Concept

Conflict Resolution

Definition

Conflict resolution is the structured process of working through interpersonal disagreement so that both parties leave with a shared understanding of the problem and a credible plan for how to behave differently going forward. It is distinct from conflict avoidance (pretending the friction is not there) and conflict suppression (forcing one party to absorb the cost in silence). Resolution requires that the disagreement be named, examined, and explicitly transformed into a forward agreement.

The discipline assumes that most conflicts are not contests of will but mismatches of perception — different facts, different priorities, or different reads of the same exchange. The job is to surface those mismatches before reacting to them. Renée Evenson formalises this as a five-step model: think first, plan the conversation, talk it out, find common ground, move forward together. Each step has a job, and skipping any of them tends to collapse the rest.

Why it matters

How it works

The structured form unfolds in five stages, each addressing a specific risk in unstructured argument.

Think first is the pause that prevents reactive damage. Before any conversation, the resolver names their own emotion, identifies what specifically triggered it, and separates the behaviour they object to from the person performing it. Without this stage, every later step inherits the heat of the original moment.

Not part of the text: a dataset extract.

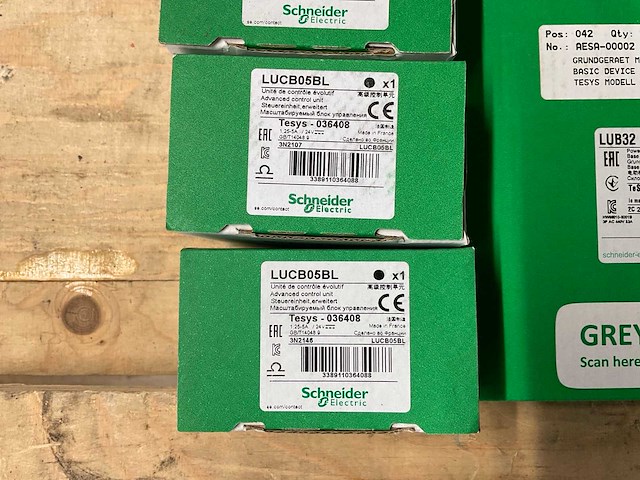 Schneider electric motorstartcomponeneten - afbeelding 4 van  5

Plan the conversation converts the grievance into a concrete opening sentence and a desired outcome. What exactly will you say first? What would resolution look like? Planning forces the resolver to find the real issue rather than the surface complaint — the missed deadline is rarely about the deadline.

Talk it out is the actual exchange. The opener describes behaviour and impact in neutral language, then yields the floor. The listener uses active listening — paraphrasing, asking clarifying questions, resisting the urge to defend — until the other party feels accurately understood. Only then does the conversation flip.

Find common ground explicitly searches for the shared problem underneath the apparent dispute. Both parties almost always want something compatible (the project to ship, the relationship to continue, the team to function) even when their immediate positions feel opposed. Naming the shared goal converts adversaries back into collaborators.

Move forward together closes the loop with a specific, observable behavioural commitment from both sides. Vague resolutions ("let us communicate better") decay within days; concrete ones ("I will flag blockers by Wednesday, you will not redo the work without asking") survive because both parties can verify them.